1.Award Acceptance. You must accept your award to become vested in the PSUs subject to this Award Agreement. By accepting this award you agree to all of the terms and conditions of the Award Agreement and the Plan. You agree that the decisions of the granting Committee regarding the interpretation of the Plan or this Award Agreement or as to findings of fact, shall be final, conclusive, and binding and that the granting Committee’s decisions need not be uniform among Plan participants.
2.Type of Award and Adjustments. Once vested and subject to Sections 4 and 8, each PSU entitles you to receive an amount in cash equal to the Fair Market Value of one share of Common Stock upon settlement.

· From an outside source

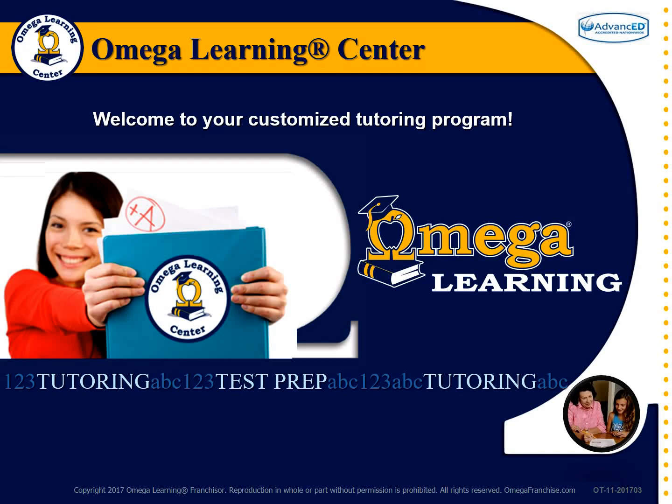Welcome to your customized tutoring program at Omega Learning Center. This video message communicates the ways in which your program is customized for your students.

The PSUs subject to this Award Agreement, including PSUs from reinvested dividend equivalents pursuant to Section 7, may be increased or decreased after the Grant Date and prior to settlement to reflect performance, promotion, and demotion during Performance Period 25, which generally is the period from January 1, 2025 through December 31, 2027 over which the Performance Goals established by the Committee (as adjusted from time to time in the discretion of the Committee) are evaluated. Such adjustments are reflected in book entry accounts that are maintained by the granting Committee and that are automatically incorporated into the Award Summary without the need for a formal amendment to this Award Agreement. As part of the adjustment process, partial PSUs shall be rounded prior to settlement in accordance with the granting Committee’s administrative procedures.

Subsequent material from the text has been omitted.